The problem —
Write out the line that holds "NANKANG CW-20 PASSION 185/75 R14C 102P" together with every line that follows it to the end of the material below, exactly. Omit the pictures.
___ Available data
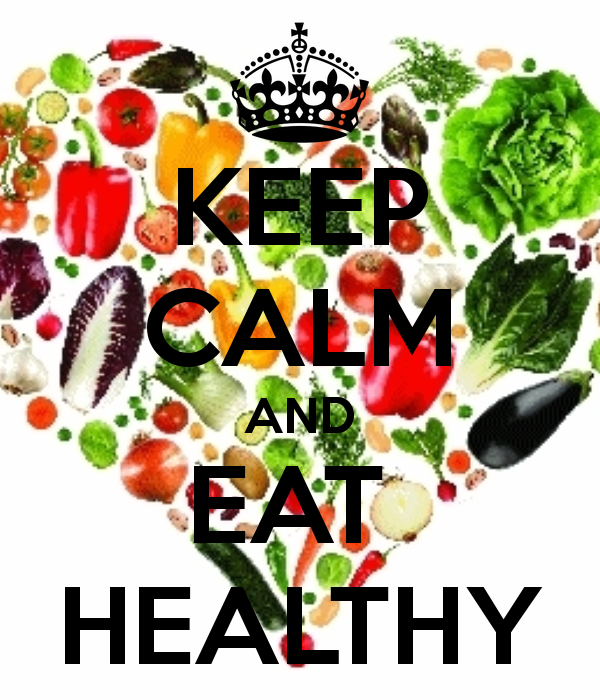 keep-calm-and-eat-healthy-38.png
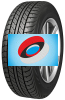 NANKANG CW-20 PASSION 185/75 R14C 102P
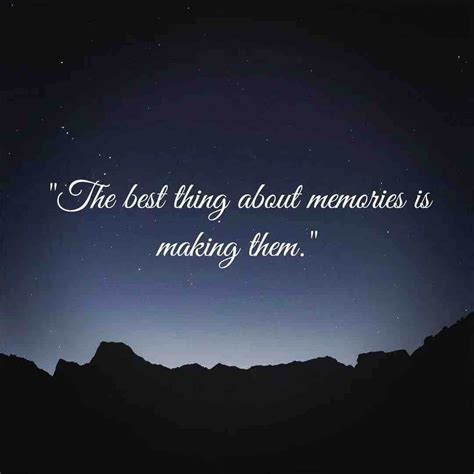 Looking Back: Nostalgic Wishes of a Lifetime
______
Task output —
 NANKANG CW-20 PASSION 185/75 R14C 102P
 Looking Back: Nostalgic Wishes of a Lifetime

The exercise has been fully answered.